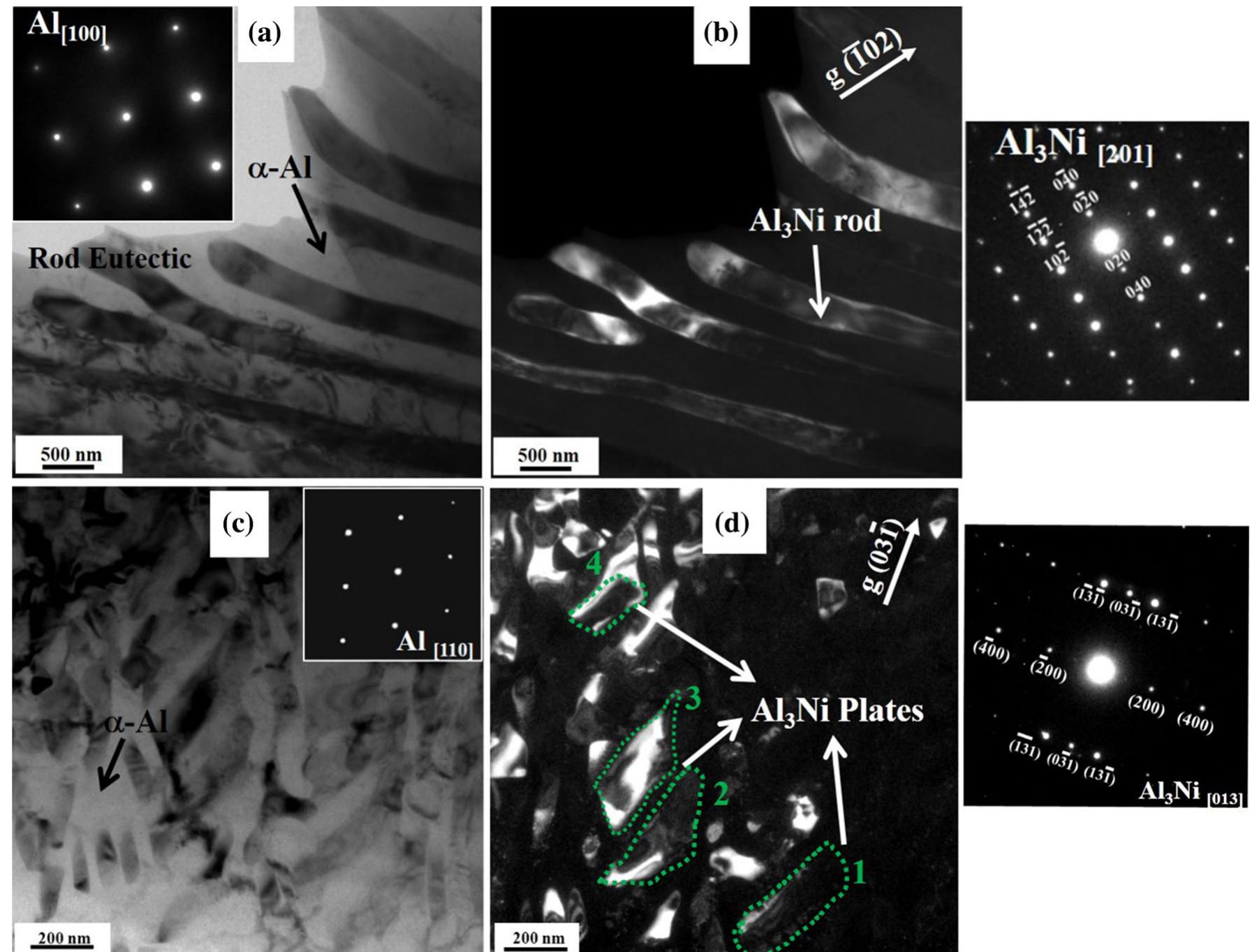(PDF) Development of High-Strength High-Temperature Cast Al-Ni-Cr ...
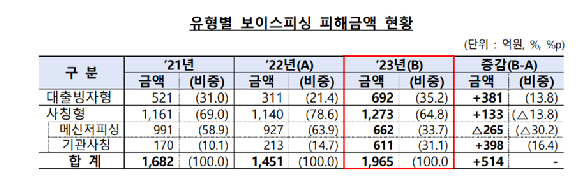 금융감독원 ‘2023년 보이스피싱 피해현황 분석’ 유형별 보이스피싱 피해금액 현황.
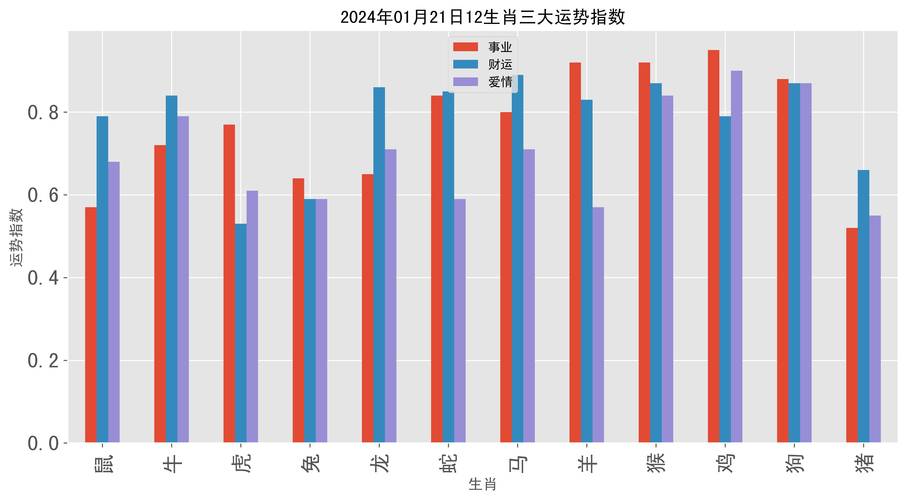 今期绿波行大运生肖:绿波生肖是哪几肖2019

++++++++++++++++++++

_Exercise description_: Begin at the line containing "금융감독원 ‘2023년 보이스피싱" and write out every line to the end of the data exactly. Skip the pictures.

_Your response_:
 금융감독원 ‘2023년 보이스피싱 피해현황 분석’ 유형별 보이스피싱 피해금액 현황.
 今期绿波行大运生肖:绿波生肖是哪几肖2019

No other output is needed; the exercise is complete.